7 Ways to Crush the Dreams of New Hires
Employee Turnover: 7 ways to crush the dreams of new hires and send them screaming for the nearest exit
It’s time to talk about your other retention rate – you know – your employee retention rate. You know, those people who are merely responsible for fulfilling customer orders, providing customer service and representing your brand to clients, vendors, investors and other stakeholders on a daily basis.
You might find it interesting to know that more than half of those who leave their jobs do so within the first 12 months, which seems to indicate that employee dissatisfaction sets in early when the job fit or organizational culture isn’t right. In fact, 4% of new employees left a job after the first day when it went especially bad. Furthermore, while most new employee probationary periods last 90 days, new hires don’t wait that long. They decide whether they like a company and its culture within the first month. (Stats via globoforce.com)
A high employee turnover rate can negatively affect your organization from top to bottom. Decreased productivity leads to decreased profitability. A constant need to recruit, hire and on-board leading to increased expenses. Employee culture, morale, and customer satisfaction also finding themselves among the casualties resulting from low employee retention.
But some companies seem to want new hires to run screaming for the nearest exit, as evidenced by the way they behave after getting a new hire to accept an offer of employment, quit their last employer and bravely take on a new role and new responsibilities in a new company. What’s more, they do it in style, as they build up the new hire’s expectations only to crush their dreams –and their spirits – when the real organizational culture shows it’s true nature.
Sound dire? Maybe. But it’s still taking an honest look at your organization and your on-boarding process to make sure that new hires are going to be just as excited about working for you after their first 90 days on the job as they were when they first signed on. Here are seven mistakes to avoid with new hires.
7 Mistakes to Avoid with New Hires
Any one of these seven new hire mistakes could send new top talent screaming for the nearest exit.
Hit them hard with your crazy culture and confusing jargon.
If a company’s value statement sounds like a list of rules a cult might propagate or there are so many acronyms and abbreviations in use that a new hire needs to learn a second language to succeed, chances are, they won’t, and they’ll leave. Your employee culture should feel special – not foreign; or worse, alien!
Bore them to tears.
Follow up a first day filled with repetitive, hand cramping paperwork with three or four days of mind-numbing training and orientation videos, then ease them in to their job by not giving them any meaningful work to do and you will definitely lose the cream of the crop when it comes to new hires.
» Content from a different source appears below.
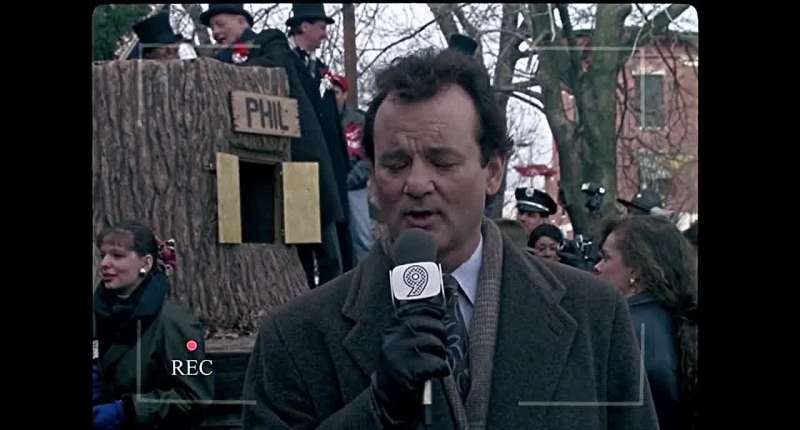 This is one time where television fails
On the other hand, employees who are content merely putting their time in will probably stay forever.
Make them clean up the last guy’s mess.
Whether we’re talking about an actual mess or the need to unruffled feathers, soothe discontent and calm down dissatisfied customers and co-workers, there’s nothing more fun than being held accountable for problems that someone else created.
Eliminate all hope of change.
No one likes a new co-worker who comes in all ready to change the world and stuff. If you can’t actually post a sign above their desk saying, “this is the way we’ve always done it,” then at least prep their boss and co-workers to let them know, in no uncertain terms, that their newfangled ideas aren’t welcome here.
Under equip.
New hire said they love a challenge? Good, they’ve got one. Because not only will you set a super-high, ambitious goal for them in their first few months, you’ll also fail to provide them with the tools, equipment and other supplies they need to do the job.
Over involve.
Nothing says “welcome to the team” like putting the new hire on an important volunteer committee or letting them know that you’re looking for 100% participation in the company’s impending fundraising effort. If you can set them up to chair your 100% participation fundraising committee, even better.
Let them know you have no idea what you’re doing there, either.
Your employment ad said you wanted to add talented, ambitious people to your team who would champion growth. Your on-boarding program and their first days on the job says something entirely different. If you don’t have targets and goals or a real desire to grow, that top talent you just added aren’t going to think twice about leaving for a company – and maybe even a competitor – that has the strategic direction your organization lacks.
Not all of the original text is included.